Depuis la demi-finale de Ligue des champions disputée par les « Bleu et blanc » en 2004, la scène africaine est devenue un monde impitoyable pour les équipes sénégalaises engagées dans les compétitions continentales. Le Diaraf, qui est parvenu à aller jusqu’au troisième tour de la champions League en 2011, après avoir éliminé les Gambiens de Port Autority et le club malien du Djoliba avant de tomber devant l’ogre tunisien de l’Espérance de Tunis, constitue la seule exception. Derrière cette petite parenthèse consolatrice, c’est presque le vide total, la qualification au deuxième tour de la Linguère en 2010 et du Casa Sports en 2013 étant les seules étincelles à donner une apparence lumineuse aux aventures sénégalaises en Afrique. Depuis quelques saisons, l’élimination est désormais devenue une règle pour les équipes sénégalaises. Dans ces compétitions, la qualification à un tour relève maintenant d’un exploit voire même d’un miracle pour les clubs sénégalais. Cette année ne sera pas l’exception qu’espérait tout le Sénégal du foot. Comme c’est le cas ces dernières saisons, le Sénégal a été rayé de la carte africaine avant même que le rêve ne commence à prendre forme. Diambars en Ligue des champions, le Diaraf en Coupe de la Caf ont une fois de plus été sortis dès le premier tour. Une élimination amèrement vécue par les Sénégalais qui espéraient enfin voir la malédiction se briser face à des adversaires largement à la portée de leurs représentants sur la scène continentale.

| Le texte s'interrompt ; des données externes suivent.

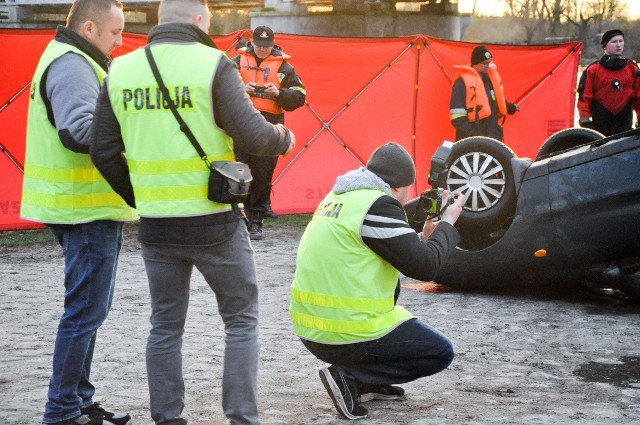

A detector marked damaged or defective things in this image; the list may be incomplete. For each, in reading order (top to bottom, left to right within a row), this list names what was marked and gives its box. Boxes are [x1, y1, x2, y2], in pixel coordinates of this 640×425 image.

overturned black car [404, 127, 640, 294]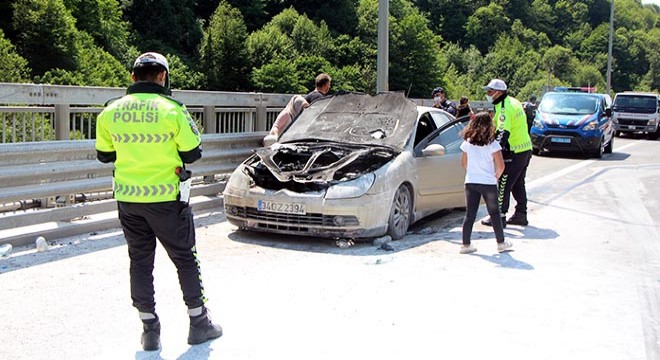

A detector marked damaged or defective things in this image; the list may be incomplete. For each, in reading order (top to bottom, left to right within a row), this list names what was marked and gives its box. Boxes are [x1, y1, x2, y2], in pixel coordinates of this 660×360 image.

burn marks on hood [242, 142, 398, 191]
burned car [224, 93, 466, 239]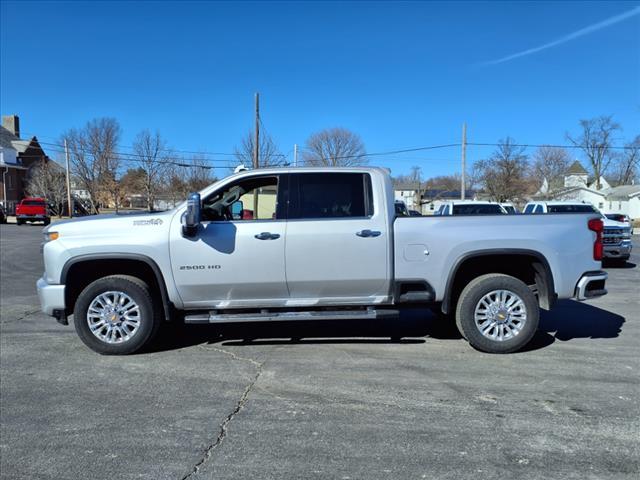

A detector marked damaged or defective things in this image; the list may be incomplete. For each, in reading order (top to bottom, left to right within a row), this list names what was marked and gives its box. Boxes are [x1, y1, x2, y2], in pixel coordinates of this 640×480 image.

cracked asphalt [0, 223, 636, 478]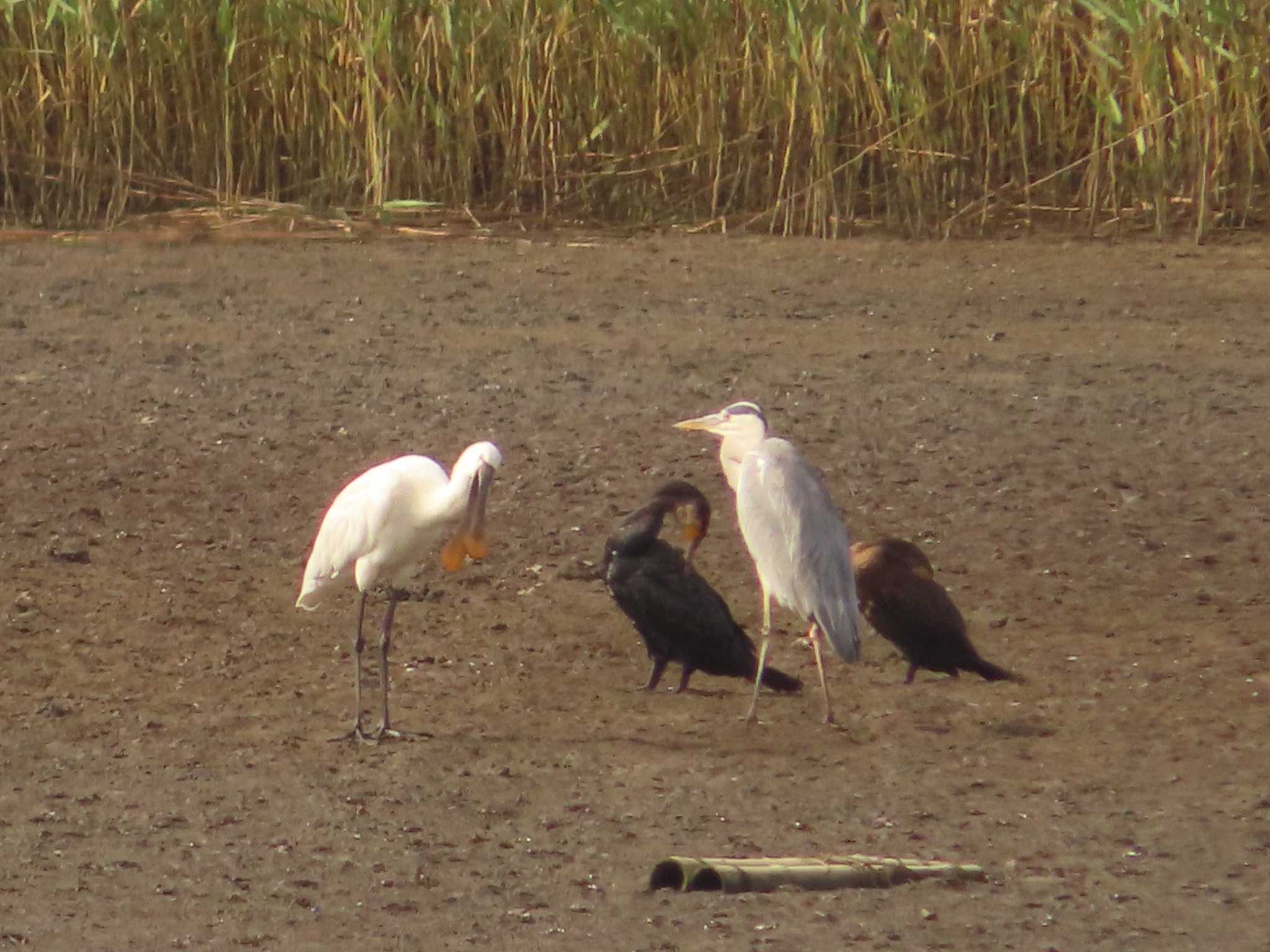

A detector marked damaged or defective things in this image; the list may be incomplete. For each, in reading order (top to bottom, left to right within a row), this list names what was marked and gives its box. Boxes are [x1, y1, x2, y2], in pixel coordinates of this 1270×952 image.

broken bamboo piece [650, 853, 987, 892]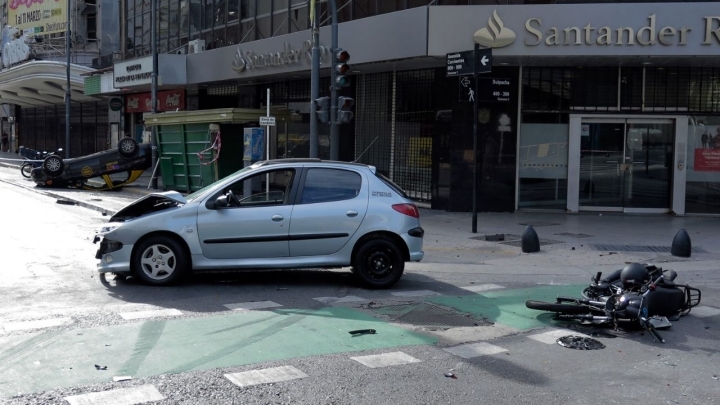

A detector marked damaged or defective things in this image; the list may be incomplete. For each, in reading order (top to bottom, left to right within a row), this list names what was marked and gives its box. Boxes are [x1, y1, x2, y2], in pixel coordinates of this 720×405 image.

overturned car [31, 138, 153, 190]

Au moment de disputer le dernier round du premier tour de leurs compétitions respectives, les deux représentants du Sénégal en Afrique n’avaient pas les mêmes chances après des fortunes diverses à la manche aller. Au final, tous les deux ont connu le même sort. Autant le Diaraf n’a pas profité de l’avantage de son public pour inverser la tendance de l’aller, autant Diambars n’a pas réussi à conserver son avantage. Ils manquent ainsi une occasion en or de redorer le blason du football sénégalais. Une rengaine qui s’éternise comme une fatalité.